New Arrival:
• Germantown during the Civil War Era: A Reversal of Fortune by George C. Browder (U Tenn Press, 2024).
Though a Memphis suburb today, Germantown was a rural Shelby County, Tennessee town in 1860, a station along the Memphis & Charleston Railroad fifteen miles east of the city. At that time, Germantown and the surrounding area had a population of around 2,200 (the majority of whom were slaves), with the town itself having just a few hundred inhabitants. Readers of various works covering the Civil War in West Tennessee will repeatedly encounter places on the map such as Germantown, Grand Junction, and Collierville, their military importance being their location along key railroad corridors. Most often, however, deeper insights into those communities and how they were affected by the war are relatively fleeting. That will certainly be no longer the case for Germantown after reading George Browder's Germantown during the Civil War Era: A Reversal of Fortune. It is a comprehensive military, social, and economic history of the community before, during, and after the Civil War.
With the narrative portion alone approaching 500 pages, this is a big study that's divided into three time periods: "Antebellum Germantown," "The War Years," and "The Aftermath." From the description: "Before the Civil War, Germantown had become a thriving cultural, commercial, and political center. Its elite and middle-class White families had full access to the cultural and social life of Memphis, as well as local private academies and collegiate institutions that hosted enriching events. Its appealing inns, taverns, and mineral springs allowed for festive social mixing of all classes. As an emerging industrial and commercial center of a rich cotton-growing district in the 1850s, Germantown’s decline after the war would have been unimaginable before the war. Thus, this monograph paints a picture of a vibrant community whose brilliancy was extinguished and almost entirely forgotten."
The Civil War section of the book consists of five chapters, one for each year of the war. In them Browder recounts wartime events that impacted the area, the Union occupation of "greater Germantown," and details the experiences of incessant guerrilla warfare.

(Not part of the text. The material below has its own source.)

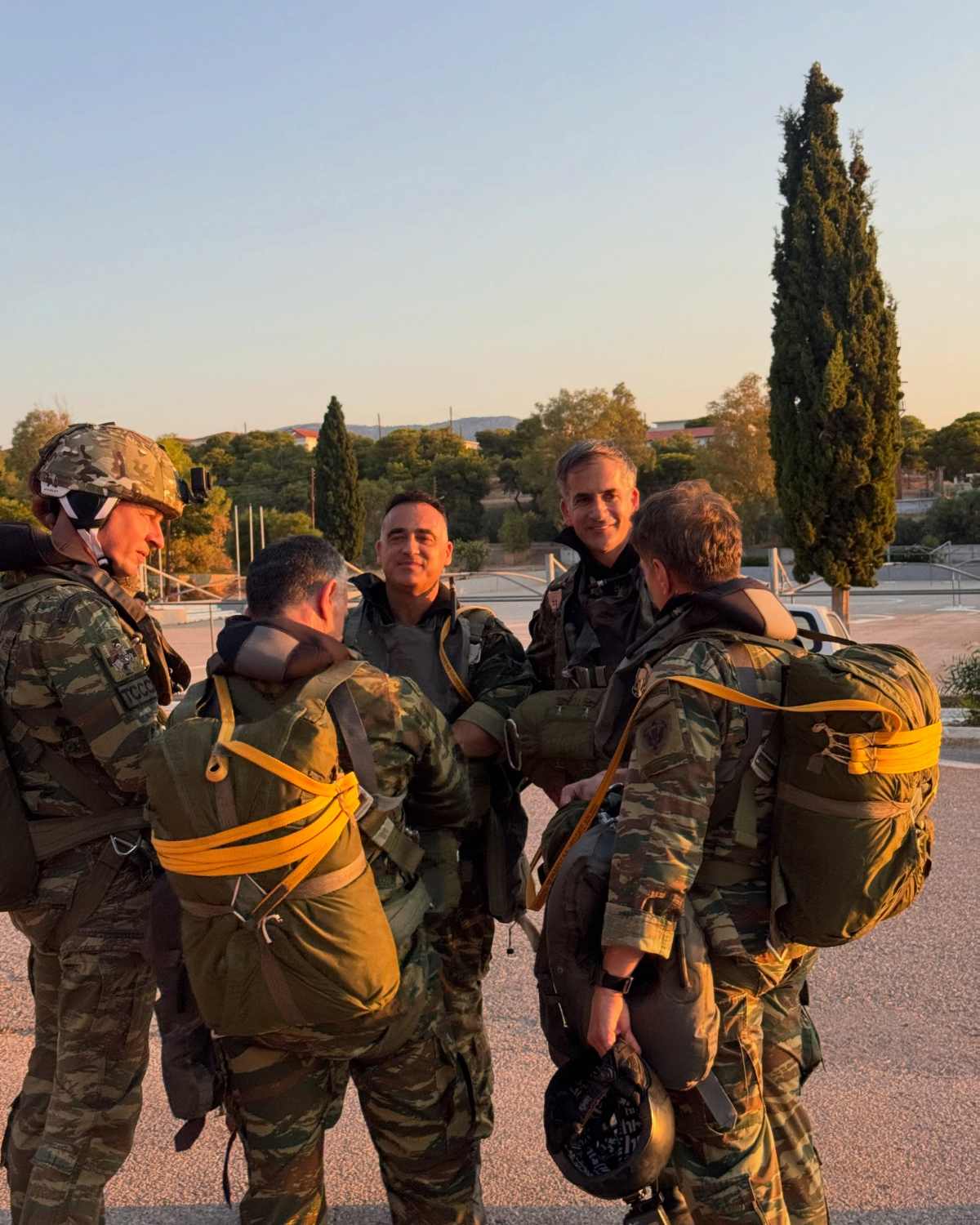 Κώστας Μπακογιάννης: Επανεκπαιδεύτηκε ως έφεδρος αλεξιπτωτιστής – Βίντεο από τη στιγμή που πέφτει με το αλεξίπτωτο 20 Κώστας Μπακογιάννης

The aftermath section discusses postwar Reconstruction, economic and societal recovery, and "rebirth." More from the description: "Meticulously documented and richly illustrated with maps and data, this book reveals the impacts of surviving a theater of guerrilla war, of emancipation, of social and political Reconstruction, and a disastrous Yellow Fever epidemic on all of Germantown’s people—psychologically, socially, and culturally. The damage struck far deeper than economic destruction and loss of life. A peaceful and harmonious society crumbled."
The appendix section offers further discussion of census and service record data as applied to Germantown's population as a whole, its Civil War soldiers, wealth, and property figures. Just from a cursory glance through it, the depth of this West Tennessee county and community study looks impressive.